Note: variables have types—“Normal” and “Local” among others. Slider Panels do not support “Local” variables, so be sure to create this variable as “Normal.”

Also set “Event Start” to “Start Automatically (Repeat in Parallel)” so the variable stays updated continuously.

Once the cast event is configured, create a new layout in the Layout Tool—just as you did for the player’s HP bar—and add a Slider Panel. Set the color and size as desired.

For this example, I’ll display a purple HP bar in the lower-right corner. Once adjustments are done, click “Parameter to Reflect in Slider.”

This time, the value to set is the variable configured in the cast event. Select “Contents of Specified Variable” as shown below, then choose the “Current HP (%)” variable.

The Parameter field will update to reflect your selection. Click “OK.”

Finally, change “Maximum Value” on the right side of the layout to “100.”

Since the variable stores HP as a percentage (0–100), the slider’s maximum must be set to 100 for the gauge to display correctly. (Why the player HP slider doesn’t require this is unclear to me.)

To test the layout, add similar HP-reducing test scripts to the Slime’s cast event.

Running the game shows both the player HP and enemy HP displayed on-screen. To make it less plain, I also added the player’s portrait image and the enemy’s name as text panels in the Layout Tool.

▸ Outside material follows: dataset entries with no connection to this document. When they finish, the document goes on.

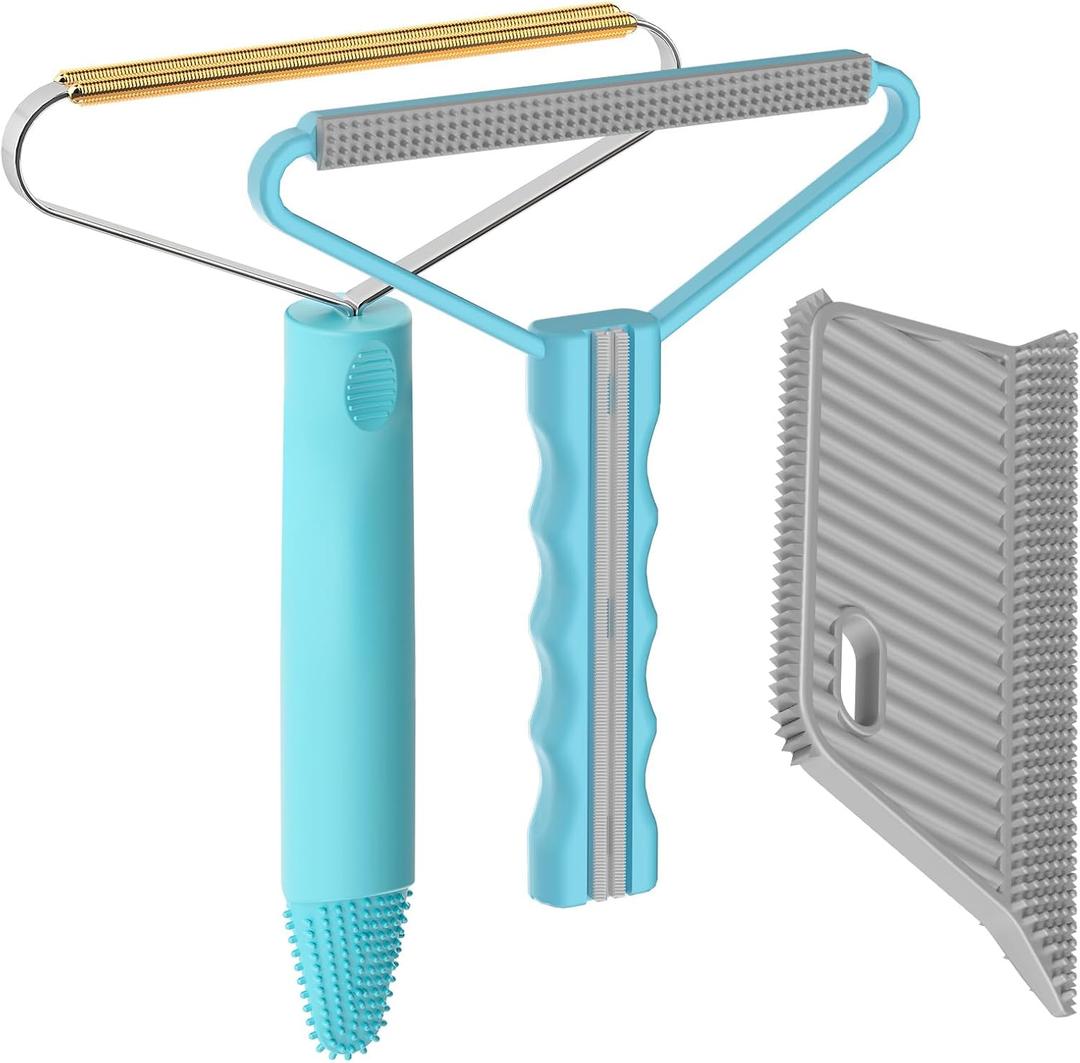 Pet Hair Removal Tool,Carpet Rake,Pet Hair Remover,Lint Remover,Pet Hair Removal Soft Rubber Sheet,Pet Hair Remover for Couch,Lint Shaver,Dog Hair Remover and Cat Hair Remover(3Pcs)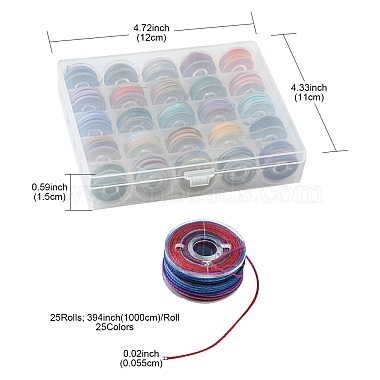 25 Rolls 25 Colors Round Segment Dyed Waxed Polyester Thread String(YC-YW0001-02B)-5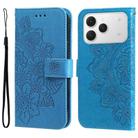 For Tecno Spark 40 4G Seven-petal Flowers Embossing Leather Phone Case(Blue) - 1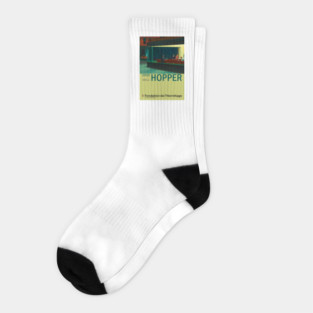 Edward Hopper - Nighthawks - Minimalist Exhibition Art Poster Socks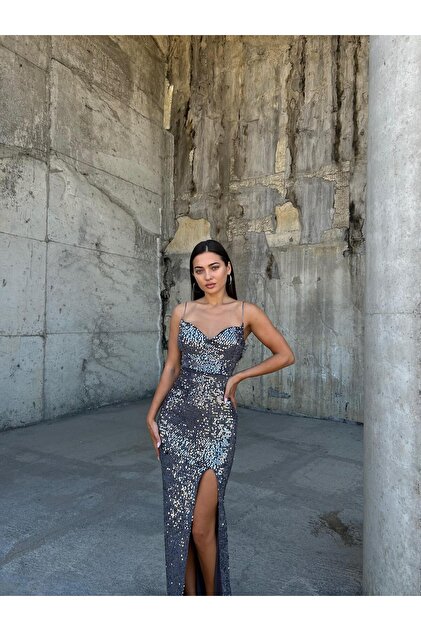 Modafeminen Trend Yırtmaçlı Kadife Pulpayet Elbise Gri 583293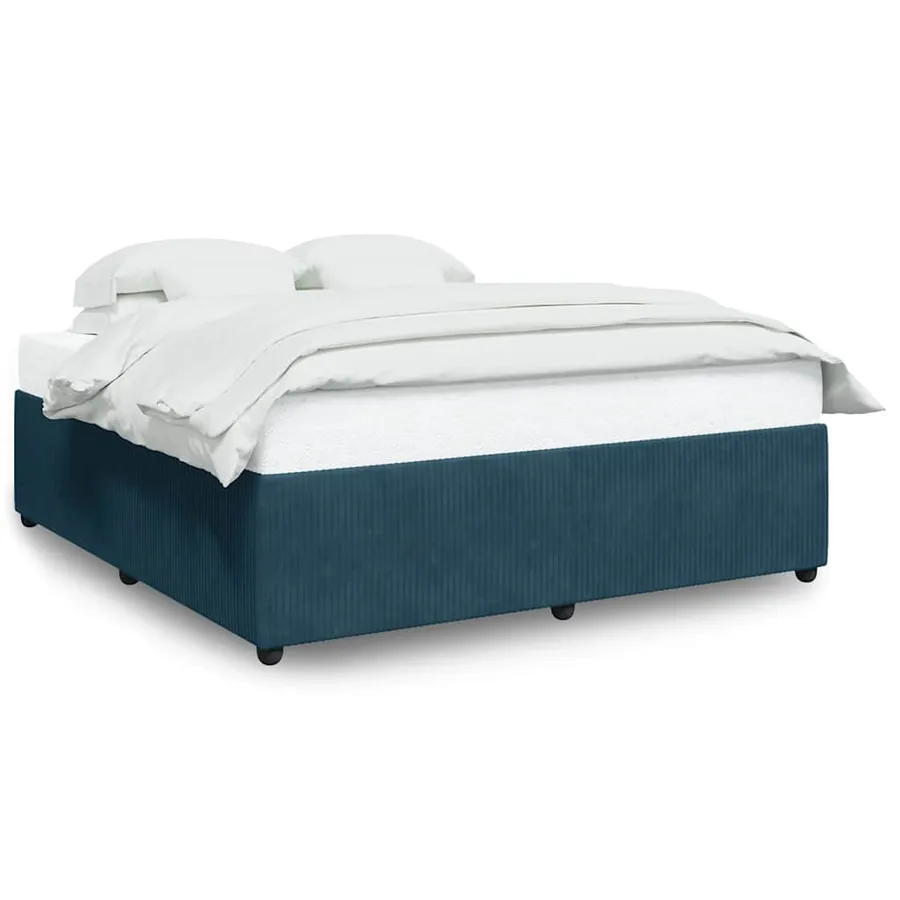 Cadre de lit sans matelas bleu 200x200 cm velours - 2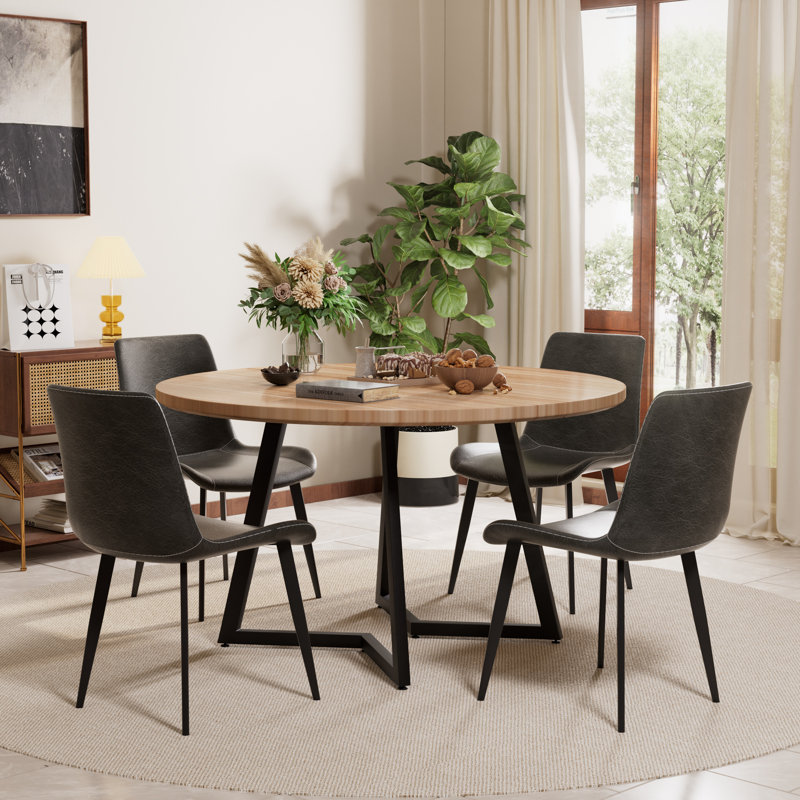 Ensemble de table de salle à manger Mid-Century, Bois naturel, 5, Gris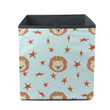 Lovely Lion And Red Stars On Blue Background Storage Bin Storage Cube
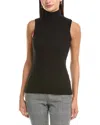 Incashmere Turtleneck Cashmere Tank Sweater In Black
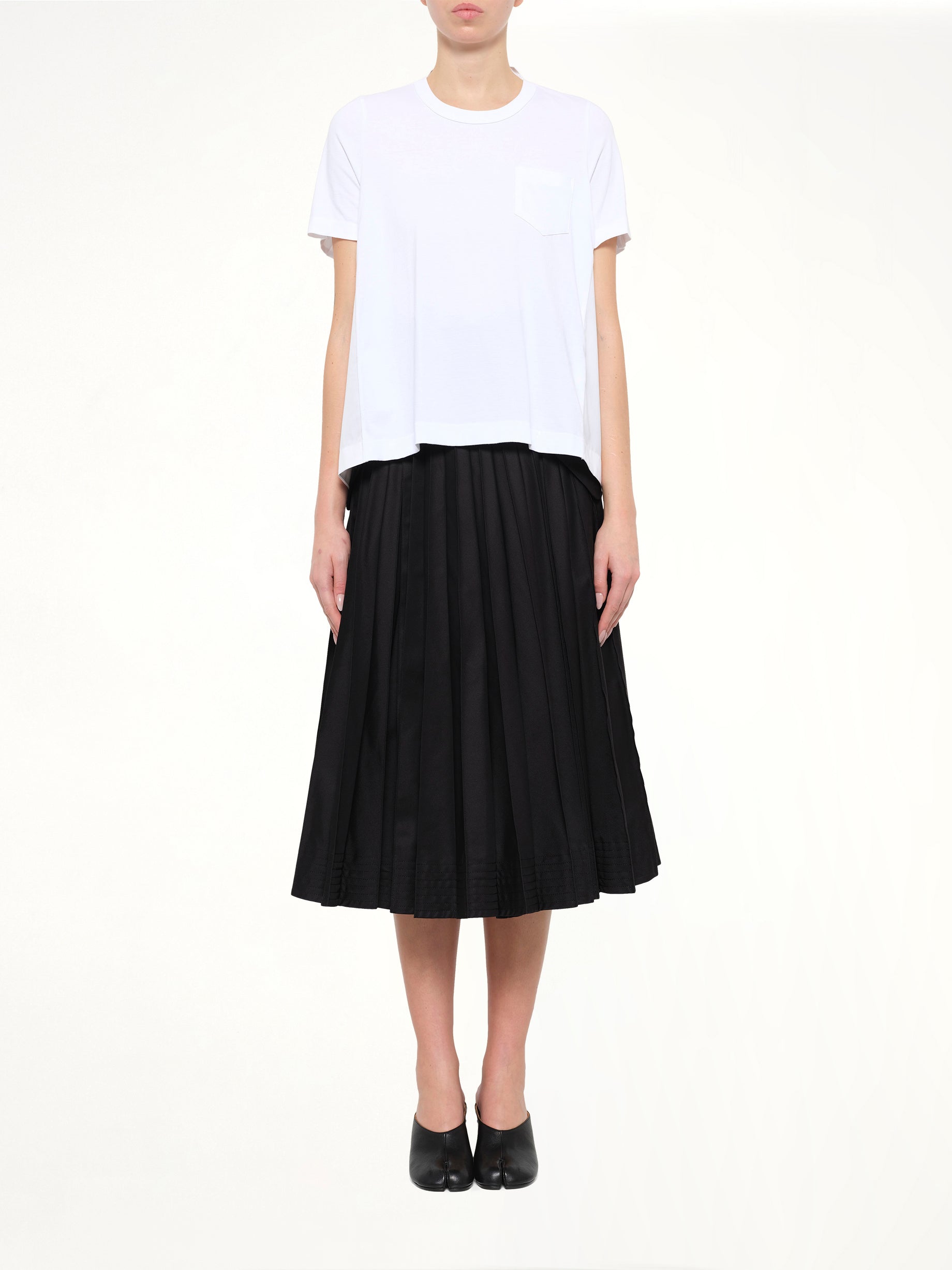 Cotton Poplin x Cotton Jersey T-Shirt in White
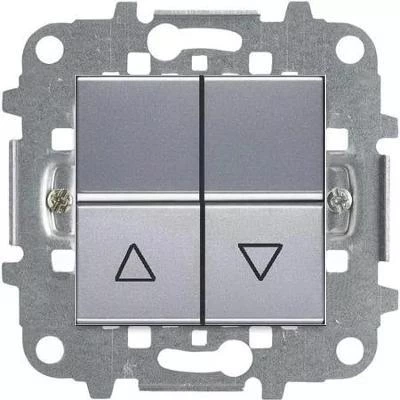  артикул 2CLA224400N1301 название Выключатель для жалюзи (рольставней) кнопочный , Серебро, Zenit, ABB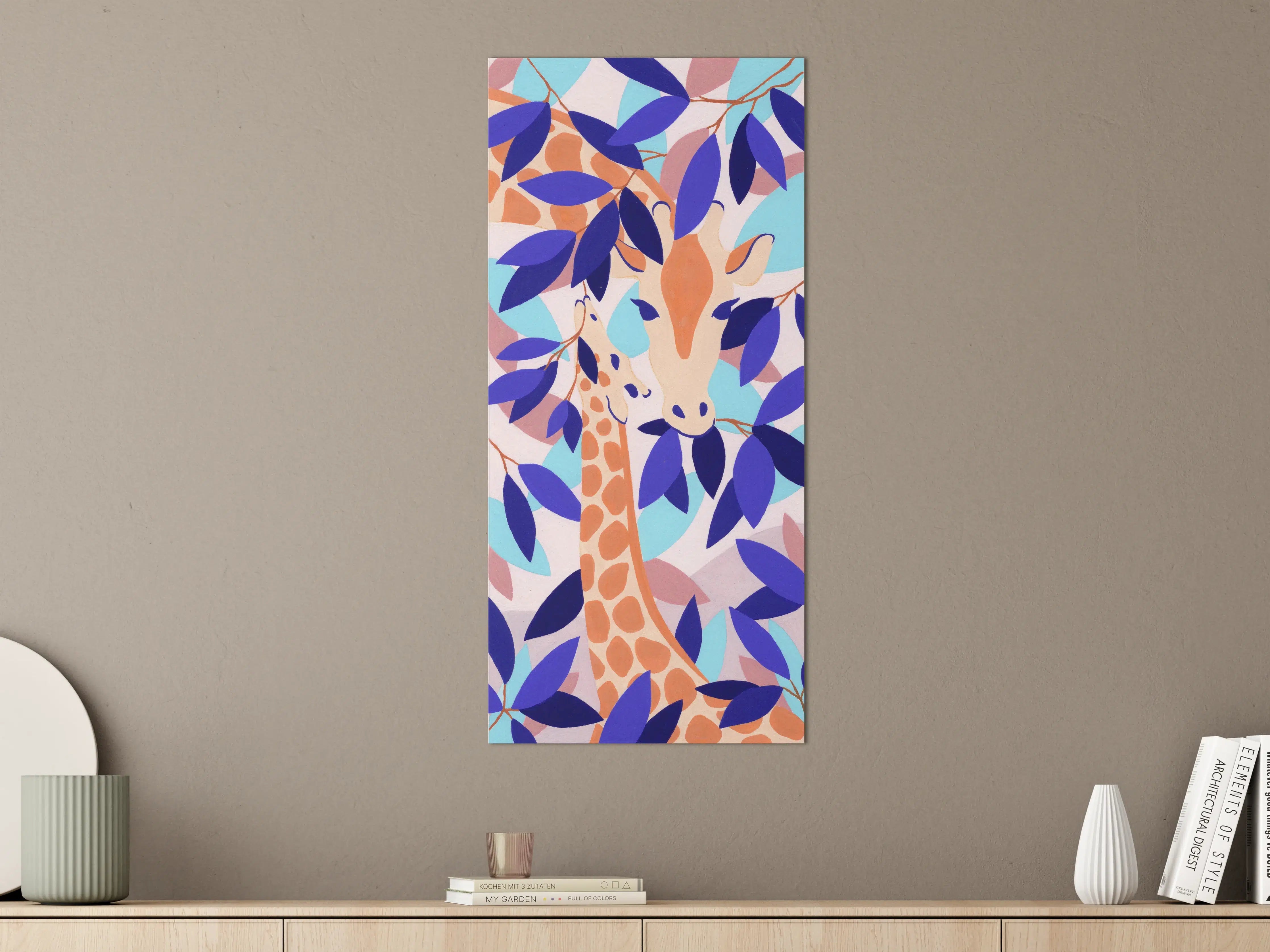 Große Wandbilder - Buntes Affen- und Giraffenkunstwerk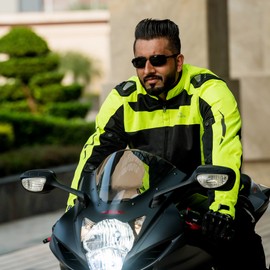 ChoCho Track Men's Summer Motorcycle Jacket with Armor Protection (Large, Fluorescent Green)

This HP bar implementation makes managing multiple enemies on screen simultaneously somewhat tricky, but it can be worked around.

For example, you could pre-create five such variables, and overwrite them in priority order as enemies take hits—allowing up to five enemies to have their HP displayed at once.

This article presents one way to implement HP bars. There’s plenty of room to adapt and extend the approach to suit your specific game design.

Summary

In this article I covered how to display HP bars for both the player and enemy characters on-screen in Bakin.

The Slider Panel is a highly useful feature for displaying any kind of gauge, and the technique covered here can be applied to stamina bars, ultimate gauges, and more.

Bakin has many convenient features like this, but how to implement them isn’t always clear from the official documentation, which is why I’ve written this up. I hope it serves as a useful reference for someone.

I’ll continue covering how to build games in Bakin going forward—check back if you’re interested.